Many adults aim near 0.8 g of protein per kg body weight each day. That’s a baseline, not a ceiling. Split your target across meals, and baked chicken breast can anchor one or two of them without blowing your calorie budget.
| Body Weight | Daily Protein Target (0.8 g/kg) | Chicken Breast To Hit Target* |
|---|---|---|
| 50 kg | ~40 g | ~130 g cooked (~1.5 small portions) |
| 60 kg | ~48 g | ~155 g cooked (~1 cup chopped) |
| 70 kg | ~56 g | ~180 g cooked (~5–6 oz) |
| 80 kg | ~64 g | ~205 g cooked (~7 oz) |
| 90 kg | ~72 g | ~235 g cooked (~8 oz) |
| 100 kg | ~80 g | ~260 g cooked (~9 oz) |
*Uses ~31 g protein per 100 g cooked breast. Round up or down based on the rest of your plate.
Serving Ideas That Keep Flavor High And Calories Low
One-Pan Bake
Toss halved cherry tomatoes, zucchini coins, and onion wedges with a teaspoon of oil and salt. Spread around the seasoned breasts. Bake all at once and spoon the roasted veg over the sliced meat.
Fresh Herb Finish
Chop parsley, dill, or cilantro. Stir with lemon juice and a pinch of salt. Spoon over the slices for brightness without heavy sauces.
Broil For Color
When the meat hits temp, broil 1–2 minutes to deepen browning. Watch closely so the thin ends don’t dry out.

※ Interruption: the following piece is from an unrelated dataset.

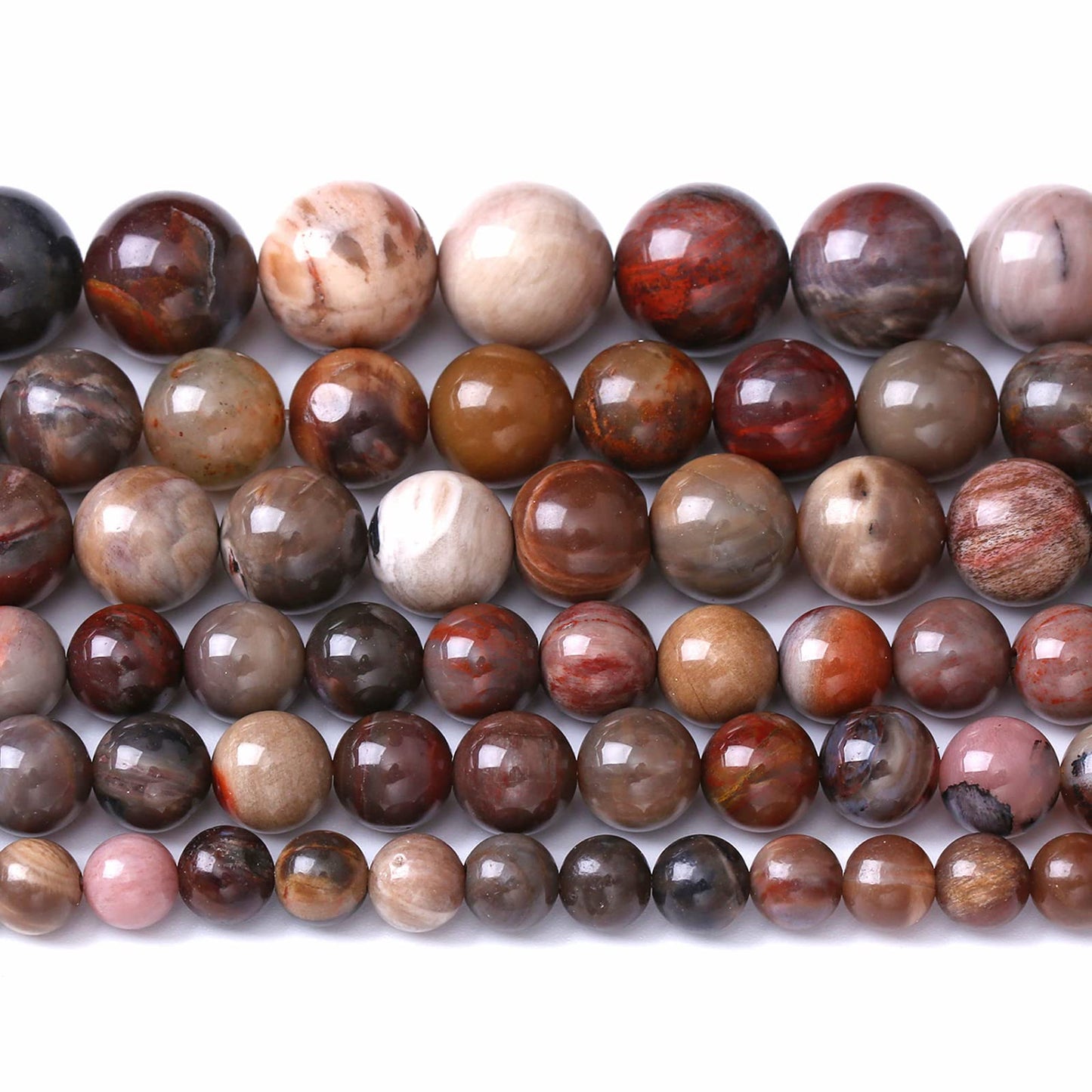 10MM 38PCS Natural Stone Petrified Wood Jasper Loose Beads for Jewelry Making DIY Bracelet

Reading Labels And Logging Correctly
Packages show raw weights. Your cooked portion will weigh less. If a label says “4 oz raw,” expect closer to 3 oz cooked. Log nutrition against your plate weight after baking, or use the per-100-g cooked line from the first table.

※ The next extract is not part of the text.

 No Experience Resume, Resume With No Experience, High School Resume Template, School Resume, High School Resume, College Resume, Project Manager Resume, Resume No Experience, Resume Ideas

Answers To Common Calorie Questions
Does Brining Change Calories?
Salt water adds weight from moisture, not energy. The per-100-g numbers stay similar. If you eat the skin or add butter under it, calories climb.
What About Air Frying?
Air frying is still dry heat. If you don’t add breading or heavy oil, your numbers match baked/roasted breast.

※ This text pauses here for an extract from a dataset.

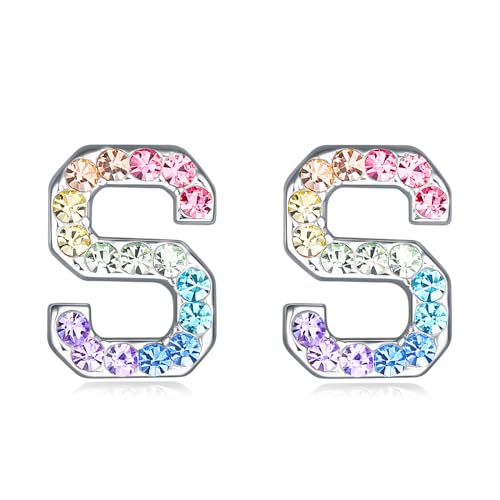 Women Initial Letter Stud Earrings,Alphabet Number Earrings Gifts Jewelry for Women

Is Grilled Breast The Same?
Yes for plain meat. The char marks don’t change macros. Sauces and sugary mops do.
Make The Most Of Baked Leftovers
Cook a tray on Sunday and bank two or three meals. Keep cooked chicken in the fridge up to four days in a sealed container. Dice for tacos, slice for sandwiches, or toss into a grain bowl with crunchy veg and a squeeze of lemon.
Key Takeaways For Tracking
- Per 100 g cooked: ~165 kcal, ~31 g protein.
- Per 3 oz cooked: ~26 g protein with ~128–140 kcal.
- Method matters less than add-ons: Oil, creamy sauces, and skin raise calories fast.
- Weigh after cooking: You’ll get the cleanest log and consistent meals.
- Hit safe temp: 165°F (74°C) in the thickest spot for juicy, safe chicken.
Why This Cut Works For Goals
Baked chicken breast delivers dense protein with a friendly calorie profile. It slots into weight-loss plans, muscle gain phases, and simple family dinners. Keep the seasoning bold and the add-ons light, and you’ll have a repeatable template that tastes good and fits the numbers.
The exact phrase baked chicken breast calories and protein pops up in searches for a reason: people want fast answers they can trust. Use the tables, weigh your cooked portion, and you’ll track with confidence, meal after meal.